The path checking algorithm. Applying Lemma 5.1 and Lemma 5.2 to φ and ρ, we can use Algorithm 2.3 to obtain an AC 1 (logDCFL) solution to the path checking problem. This proves our main theorem: Theorem 3. Given a BLTL+Past formula φ and a path ρ, convert φ into positive normal form using only logarithmic space. A contraction tree T is initialized from φ in logarithmic space by use of Lemma 5.1 and then Algorithm 2.3 is applied to T with the contraction step defined in Section 5.3. Note that the extra root node and the edge root, φ in T do not influence the performance of Algorithm 2.3. The algorithm terminates when there is only a single leaf node n and a single edge root, n left in the contraction tree. By Lemma 5.2, the contraction algorithm performes in AC 1 (logDCFL). The value of the first output gate of the evaluation of the circuit c = cir ρ (n) • l( root, n ) is the result. By Lemma 5.2, c is evaluated and one-input-face and can hence be evaluated in logDCFL. The whole construction can be executed within AC 1 (logDCFL) in φ + ρ . Using Lemma 2.2, we can assume that any bound occurring in φ has at most size ρ . The sum of the bounds is thus polynomial in the size of φ (without bounds) and the length of ρ. Thus, the overall complexity of AC 1 (logDCFL) is independent of the encoding of the bounds in φ.
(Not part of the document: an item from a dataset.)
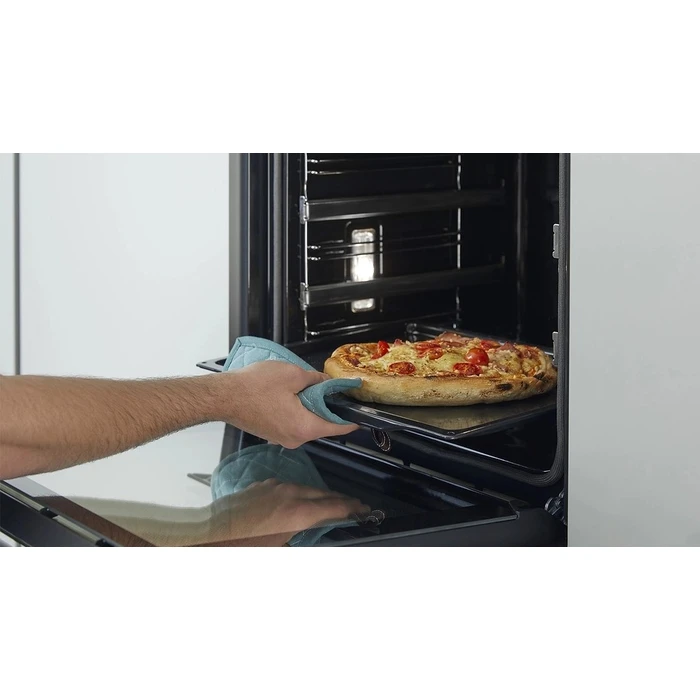 Set Εντοιχισμού Hisense ΒΙ62216ΑΧ E6432C Inox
Since LT L and LT L + P ast both are subsets of BLT L + P ast Theorem 1 and Theorem 2 are obtained as corollaries of Theorem 3.
Conclusions
We have presented a positive answer to the question whether LTL can be checked efficiently in parallel on finite paths by giving an AC 1 (logDCFL) algorithm for checking formulas of the extended logic BLTL+Past over finite paths. This result is a significant step forward in the research program towards a complete picture of the complexities of the path checking problems across the spectrum of temporal logics, which was started in 2003 by Markey and Schnoebelen [26] . While other extensions of LTL, for example with Chop or Past+Now, immediately render the path checking problem P-complete and, hence, inherently sequential [26] , LTL with past and bounds can be checked efficiently in parallel.
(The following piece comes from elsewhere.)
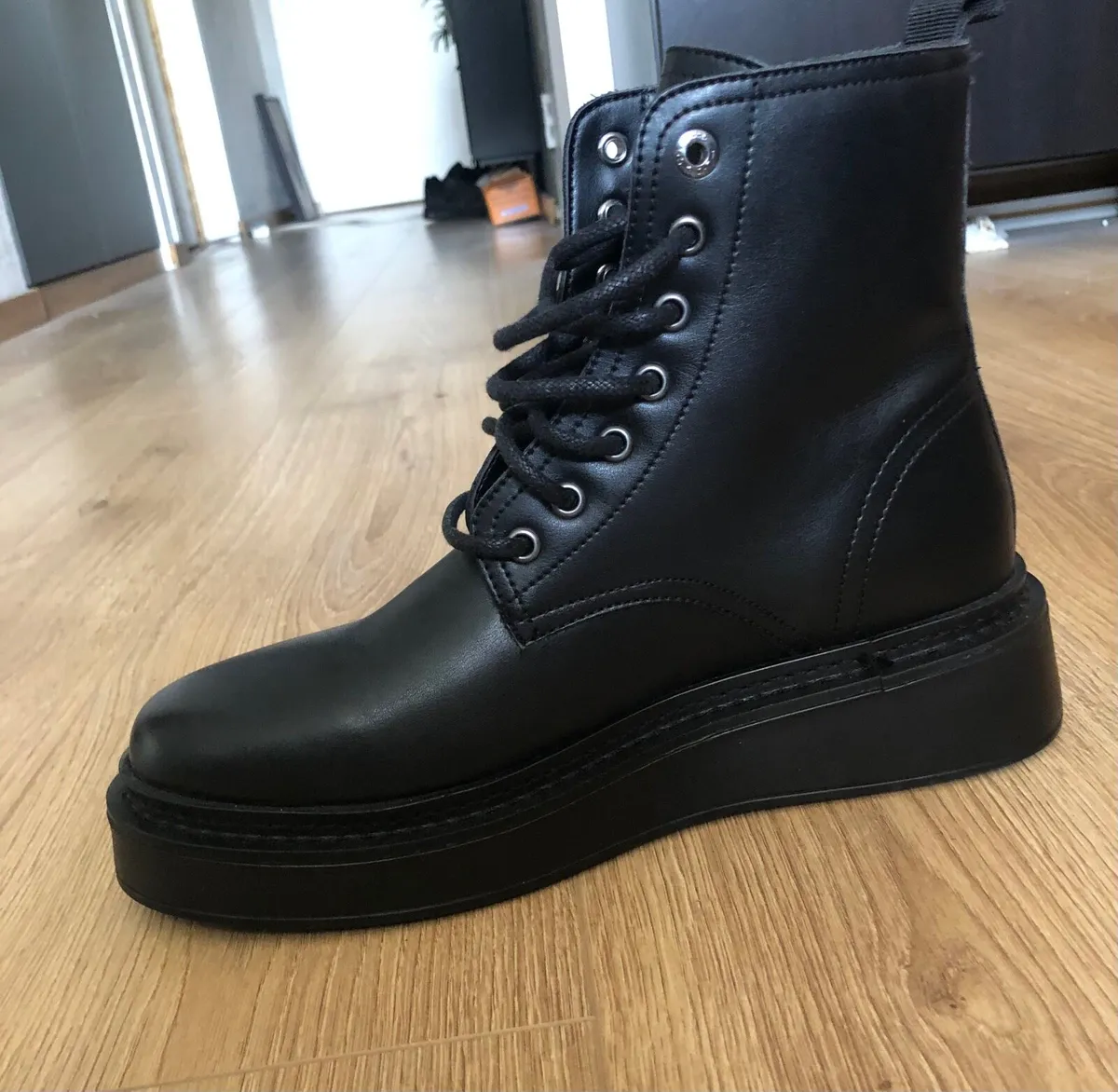 Levi’s boots - Image 3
There is a growing practical demand for efficient parallel algorithms, driven by the increasing availability of powerful (and inherently parallel) programmable hardware. For example, tools that translate PSL assertions to hardware-based monitors [7, 5, 11] can immediately apply our construction to evaluate subformulas consisting of bounded and past operators in parallel rather than sequentially. Similarly, monitoring tools based on LTL+Past can buffer constant chunks of the input and then evaluate the buffered input in parallel using our construction.
The capability of our algorithm to absorb the exponential succinctness of past and bounds is due to the use of planar circuits as a representation of partially evaluated subformulas, which allows the evaluation of the formula to efficiently stop and resume, as dictated by the dependencies between the subformulas. We expect that the use of planar circuits as a data structure in parallel verification algorithms, following the pattern of our construction, will find applications in other model checking problems as well.
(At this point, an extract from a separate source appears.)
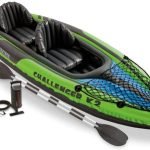 Kayak K2 Challenger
There are several open questions that deserve further attention. There is still a gap between AC 1 (logDCFL) and the known lower bound, NC 1 . There is some hope to further reduce the upper bound towards NC 1 , the currently known lower bound, because our construction relies on the algorithm by Chakraborty and Datta (cf. Theorem 3.1) for evaluating monotone Boolean planar circuits with all constant gates on the outer face. The circuits that appear in our construction actually exhibit much more structure. However, we are not aware of any algorithm that takes advantage of that and performs better than logDCFL. An intriguing question along the way is whether the path checking complexities of LTL and BLTL+Past are actually the same: while they are both in NC, the circuits resulting from BLTL+Past formulas seem to be combinatorially more complex. Finally, an interesting challenge is to exploit the apparent "cheapness" of the BLTL+Past path checking problem beyond parallelization, for example in memory-efficient algorithms.